Data center raised floors and ceiling height

In this question, Bob McFarlane explains the benefits and drawbacks to different data center designs pertaining to cooling and airflow.

What are your thoughts on raised flooring, downflow cooling, and lowered ceilings for ducting airflow? I am trying to make a case for a higher ceiling.

Lets take these one at a time.

Raised access flooring is generally used to provide both a place for the quantity of power and communications cable necessary to a data center, and a plenum to convey cool air to the cabinets. But in order to be useful for either, it needs to be high enough. Depending on data center size, and the amount of equipment that needs to be cooled, a raised floor in today's world should be at least 18-inches high, preferably 24 -- 30 inches, to hold the necessary cable bundles without impeding the high volumes of air flow needed to cool modern technology. Few buildings can accommodate those heights unless they have been specifically built as data centers.

Lower floors require special considerations, such as running cable overhead, or using more, carefully located, smaller air conditioners. Our general preference is for no false ceiling in order to achieve maximum room height and flexibility for installation of cable trays, lights, etc. But if inert gas fire suppression is used, a ceiling will probably be wanted to minimize the volume of the room and, consequently, the amount and cost of the gas. In short, there is no single "right" answer to this question.

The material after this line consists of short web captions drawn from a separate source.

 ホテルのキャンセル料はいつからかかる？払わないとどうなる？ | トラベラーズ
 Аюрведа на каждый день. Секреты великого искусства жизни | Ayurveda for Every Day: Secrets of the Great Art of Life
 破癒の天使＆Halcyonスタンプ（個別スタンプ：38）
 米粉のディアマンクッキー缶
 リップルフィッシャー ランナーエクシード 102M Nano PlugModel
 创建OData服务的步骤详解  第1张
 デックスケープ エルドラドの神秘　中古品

Downflow cooling, if designed, installed, and operated correctly, will provide an excellent "base cooling" platform for the data center. Basic physics tells us that hot air rises,so cooling from below has two benefits: First, the hot air exhausted from the back of the equipment goes up, where it can most easily return to the air conditioners; Second, pushing cool air from below can help move warm air away from the front air intakes of equipment. But this is far from perfect. Cold air also wants to drop, so getting it all the way to the top of a cabinet is difficult, and obstructions can keep the warm air from getting back to the air conditioners efficiently. High ceilings are best from a thermal standpoint. But again, it is the quality of the design that maximizes performance, not just the type of design that is chosen.

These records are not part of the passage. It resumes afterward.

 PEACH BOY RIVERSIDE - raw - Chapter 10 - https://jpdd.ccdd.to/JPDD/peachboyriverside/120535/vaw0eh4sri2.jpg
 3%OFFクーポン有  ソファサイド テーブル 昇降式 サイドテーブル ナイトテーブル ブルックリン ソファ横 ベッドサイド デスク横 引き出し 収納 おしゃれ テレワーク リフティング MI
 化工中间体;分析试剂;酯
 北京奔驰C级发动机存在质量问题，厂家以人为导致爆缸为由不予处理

The alternative is overhead cooling. This is the standard method used in office buildings because, in basic terms, as the cold air drops from above it picks up the rising heat on the way down, which tends to keep the room fairly even in temperature from top to bottom. The problem in a data center is getting the cold air where it is needed, and keeping it away from the warm air so the air conditioners get a realistic return air temperature, which is what controls the amount of cooling they provide. An overhead cooling design is best accomplished with duct work, which can get quite large. The alternative is to blow the cold air down the cold aisles, which makes it more difficult to get the hot return air back to the units, since it wants to come from above, but needs to enter the air conditioners from below.

You don't want the air conditioners sucking their own cold air back into their own returns. Its not only wasteful of energy; it also gives invalid temperature information to the air conditioner.

Some designs have used the ceiling plenum as the return air path in order to minimize this problem. This has been done in both overhead and under-floor cooling designs. It can work if the data center is properly sealed so there is no path through the ceiling either into or out of the room. But the warm air must still be brought back to the air conditioners, which can require supplemental fans and additional ductwork that must be coordinated with the overhead cable tray, which is now needed for cable if there is no raised floor.

In short, overhead cooling can become a more complex and expensive design than a good raised floor, but in some buildings it's the only logical way. And, of course, when a ceiling grid is installed, full flexibility for the installation of lights, cable tray and duct work disappears.

Engineering is a business of tradeoffs. You get nothing without giving up something else. There are no "pat answers," but in a data center, it is generally agreed that the higher the ceiling the better, and no ceiling is better still. You asked for my thoughts. I hope they are useful.